Danach wuchs Gras über die Sache. Dass der Marktleiter und der MfS-Beamte Köhler die gleiche Person sind, hätten die Mitarbeiter der Markthalle bis August nicht gewusst, sagt Tom Sello von der Robert-Havemann-Gesellschaft. Dann hat ein Bericht des Tagesspiegels die Vergangenheit wieder ans Licht gebacht. 

 

Täterblick für die Besucher

 

„Das sind absolute Verbrecher gewesen“, sagt John Steer. Bewusst hat er auch viele unkommentierte Dokumente in die Ausstellung mit aufgenommen, damit sich die Besucher selbst einen Reim darauf machen können, was passiert ist. „Wir wollen ihnen auch den Täterblick geben“, meint Steer.

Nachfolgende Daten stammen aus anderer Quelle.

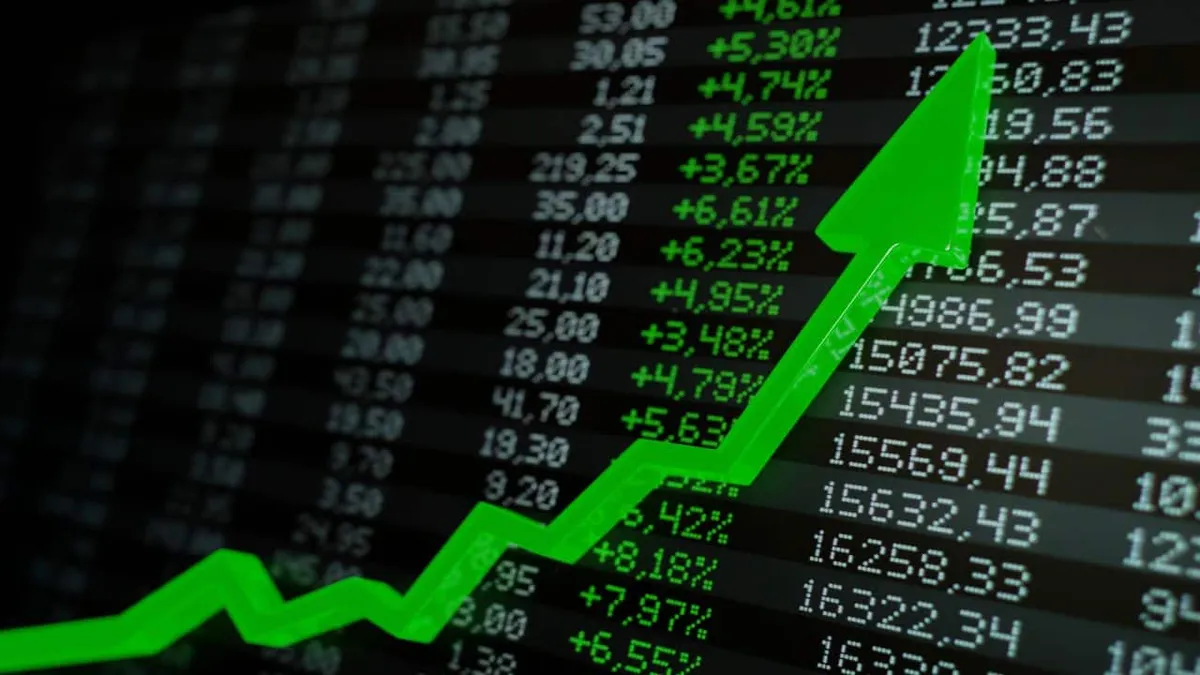 India vix experiences significant drop amid market fluctuations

Mehr davon soll es Anfang 2015 geben, wenn die neue Dauerausstellung des Stasimuseums in Lichtenberg eröffnet.

Zu sehen ist die Ausstellung noch bis zum 30. November an Wochentagen zwischen 8 und 20 Uhr, an Samstagen zwischen 8 und 18 Uhr. Marheineke-Markthalle, Marheinekeplatz 15 in Kreuzberg. Der Eintritt ist frei.